Stretto di Hormuz, forte tensione tra Iran e Stati Uniti
Non si chiude certo pacificamente il 2011, anzi il 2012 mostra di avere in sé già tutte le premesse perché, nei prossimi mesi, la situazione internazionale continui ad essere caratterizzata dalle sue strutturali instabilità. Lo schema, ormai, è noto a tutti: l'Iran alza la voce, gli Stati Uniti reagiscono duramente, l'Europa ammonisce e sanziona e poi gli animi si placano temporaneamente lasciando come conseguenza l'ennesimo rincaro del petrolio condizionato dalle allarmanti notizie che circolano.
Anche questa volta, dunque, il delicatissimo equilibrio che con fili impercettibili tiene fermi i rapporti tra Stati Uniti ed Iran sembra essere sotto minaccia; e il mondo ricomincia a guadare verso Oriente con una certa preoccupazione. Già diverse settimane fa la pubblicazione di un rapporto dell'Agenzia Internazionale per l'Energia Atomica sullo stato della costruzione di armi nucleari in Iran aveva destato una notevole preoccupazione a Washington e in tutto il mondo occidentale; e la smentita immediata del Presidente Mahmud Ahmadinejad non aveva certamente sortito alcun effetto rassicurante.

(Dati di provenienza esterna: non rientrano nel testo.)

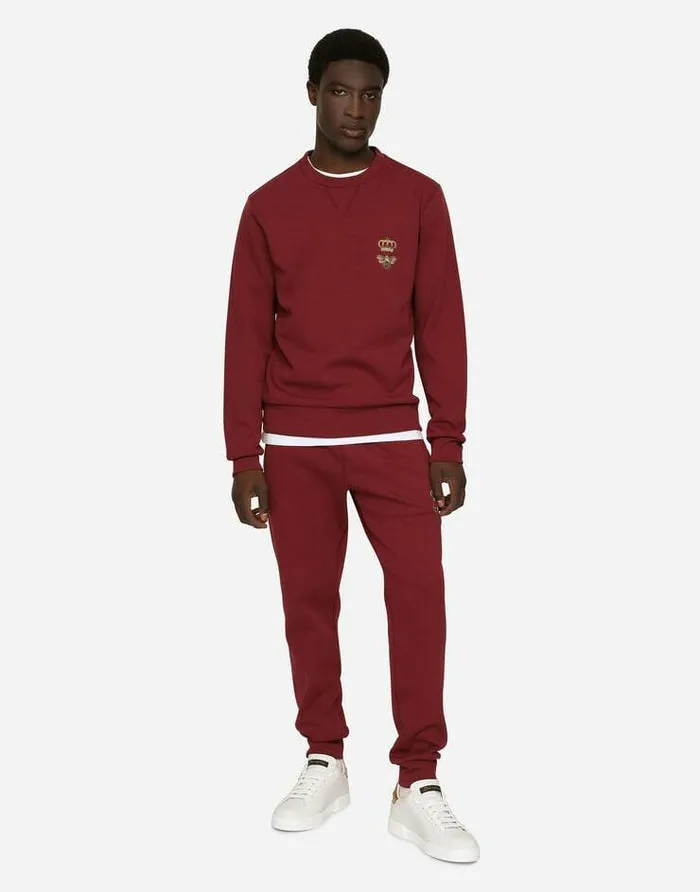Dolce and Gabbana Sweatshirts Men Cotton Jersey Sweatshirt With Embroidery Bordeaux Dolce and Gabbana Sweatshirts Men Cotton Jersey Sweatshirt With Embroidery Bordeaux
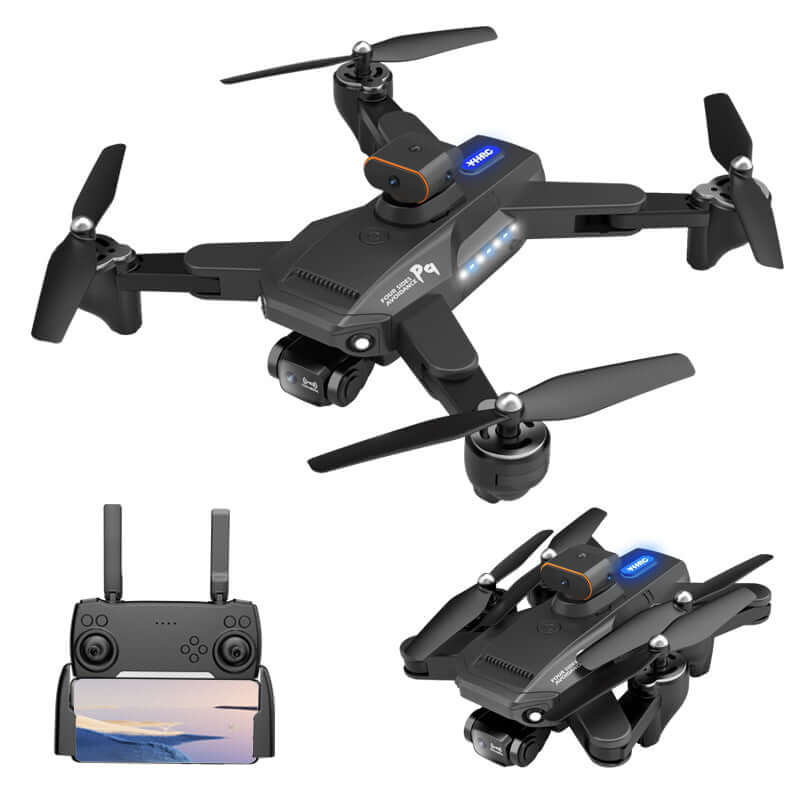 P9 Carbon Fiber GPS Drone with HD Camera and Obstacle Avoidance alongside its remote controller.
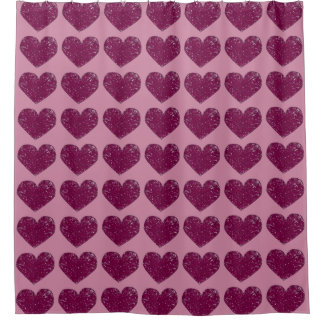 Rideaux De Douche Magenta Violet dentelle Regarder Coeurs Douche Rid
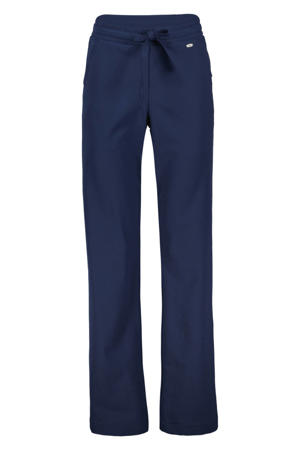 travelstof wide leg high waist gestreepte casual broek donkerblauw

Poi, l'attacco all'ambasciata britannica di Teheran ha notevolmente contribuito a scaldare gli animi anche al di qua dell'Oceano, presumibilmente persuadendo l'Europa della pressante necessità di imporre all'Iran un embargo sulle esportazioni petrolifere; benché negli ultimi anni siano state numerose le sanzioni rivolte contro il paese su settori chiave quali l'energia, i trasporti, le banche e, in generale, i commerci e le transazioni finanziarie, il greggio non era stato ancora toccato. Ma le ultime misure varate dal Senato americano a novembre potrebbero letteralmente far collassare l'intero paese, andando a colpire il fulcro dell'economia, ovvero la vendita del petrolio.

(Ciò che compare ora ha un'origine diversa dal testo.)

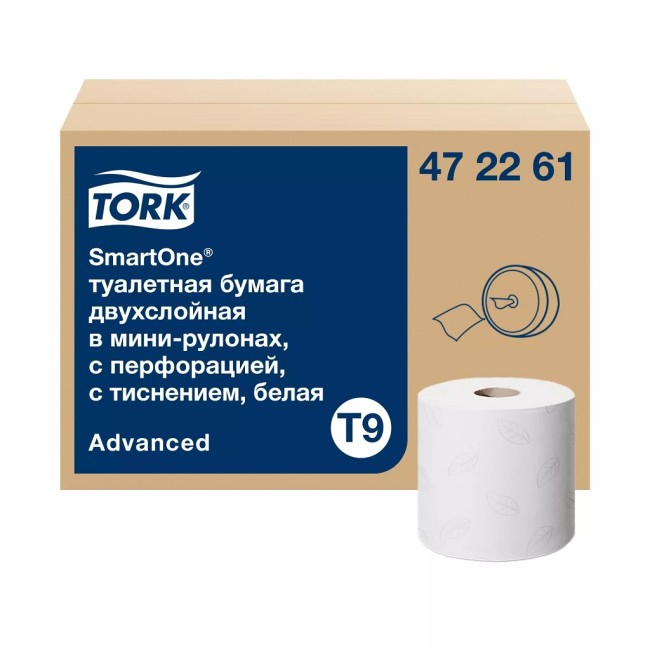 472261 Туалетная бумага Tork SmartOne Advanced в минирулонах T9, 12 рулонов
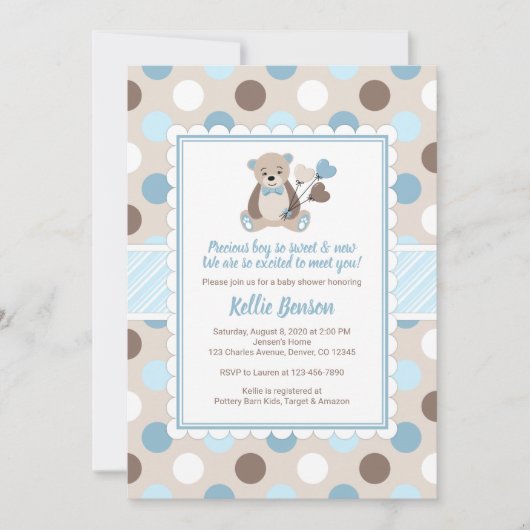 Teddybeer baby shower uitnodiging jongen blauw bru (Voorkant)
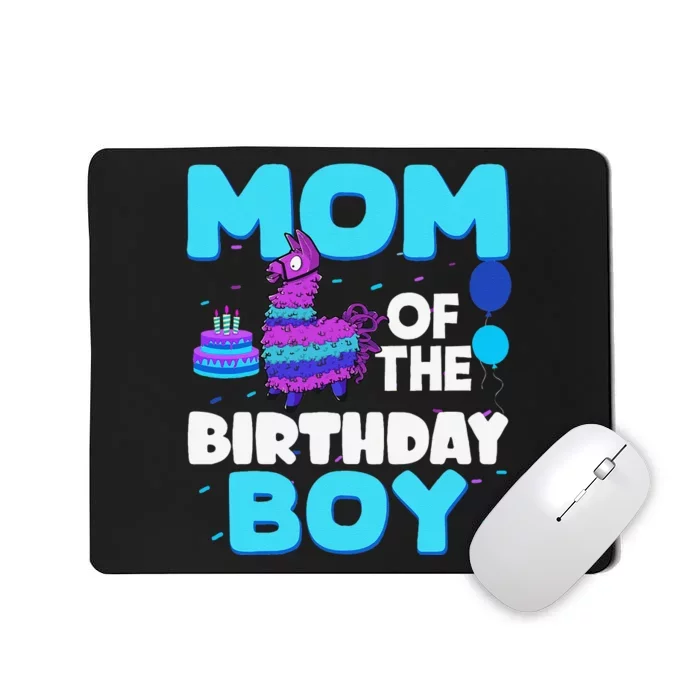 Mom Of The Birthday Boy Llama Mom And Dad Family Party Mousepad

Tensione alle stelle, dunque, che pochi giorni fa si è manifestata nelle minacce partite da Teheran di chiudere lo stretto di Hormuz, nel caso in cui dovessero giungere nuove sanzioni da Europa ed Usa; secca la risposta del Pentagono che ha fatto sapere che il blocco «non sarà tollerato». Il braccio di mare che divide l'Iran dalle coste della penisola araba è uno snodo fondamentale per il transito del 20% del totale dei trasporti mondiali di greggio, unica via di accesso al mare aperto per i grandi esportatori, passaggio in cui è necessario che sia garantito il libero scambio delle merci.
La marcia indietro appena accennata il giorno successivo da Teheran, poco convinta o poco convincente, decisamente non è servita a calmare una situazione già indiscutibilmente compromessa in cui l'Iran sembra sempre più profilarsi come il nuovo nemico numero uno dell'Occidente. In questo contesto di agitazione, la notizia diffusa dalle autorità iraniane dell'avvistamento di una nave da guerra americana in un'area in cui si stavano svolgendo delle esercitazioni militari, sta facendo temere per la sorte della zona strategica, indispensabile per i traffici occidentali.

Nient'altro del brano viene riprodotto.